At the time Hedemann, now 62, was working for the Norwegian Broadcasting Corporation (NRK). NRK is the public-service radio and television broadcasting company and the largest media organization in Norway.
“Twenty years ago, you turned on your set and there was NRK,” Ole Hedemann said. “Everybody loved us.”
But suddenly, their content just wasn’t good enough. It was around 2004 and Hedemann was an editor for the Factual Department where they produced documentaries, investigative pieces, health content, popular science and more.
“We were just regenerating old stuff and we were doing badly,” he said. Ole Hedemann was tasked with developing better content.
“I had no idea what to do, but I had a big passion for ideas that could sell,” he said.

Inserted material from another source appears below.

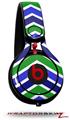 Skin Decal Wrap works with Beats Mixr Headphones Zig Zag Blue Green Skin Only (HEADPHONES NOT INCLUDED)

Then Ole Hedemann found out about a program at Stanford University in the United States that taught a new way to develop ideas for content. The British Broadcasting Corporation (BBC) and the Danish public service broadcaster DR had both sent groups there to learn and they were producing better content and great ideas.
So Ole Hedemann went to Denmark and learned about Stanford’s method, which uses the NABC Framework.
NABC stands for Need, Approach, Benefit and Competition.
“The main difference here is looking at needs before you develop ideas,” Ole Hedemann. “We didn’t really know our audience anymore. Now we found out who they were and could develop content we thought they needed.”
Ole Hedemann brought the approach back to NRK and after a few years, his department saw success after success, along with an increased budget. NRK then expanded this approach to all genres. The development department now has more than 15 people working on new content, Hedemann said.
The structured NABC framework allows small markets to develop great ideas that speak to the heart and soul of the local people. This meshes perfectly with the Content Academy, whose mission is to build great content based on the unique spirit of the Czech and Slovak people.
In 2020, Ole Hedemann was approached by the Inland University of Applied Sciences, which houses Norway’s TV School. He is now a professor of Idea and Format Development at the Lillehammer campus. He has written two books on content development.
While at the Content Academy, Ole Hedemann plans to show students how a structured plan can allow for great creativity – all based on your audience.
“An important problem is always interesting, but an interesting problem is not always important,” he said, highlighting a philosophy he was introduced to while learning to create content that spoke to audiences.
Ole Hedemann says his students “learn by doing” and he will bring the same approach to the CME Content Academy.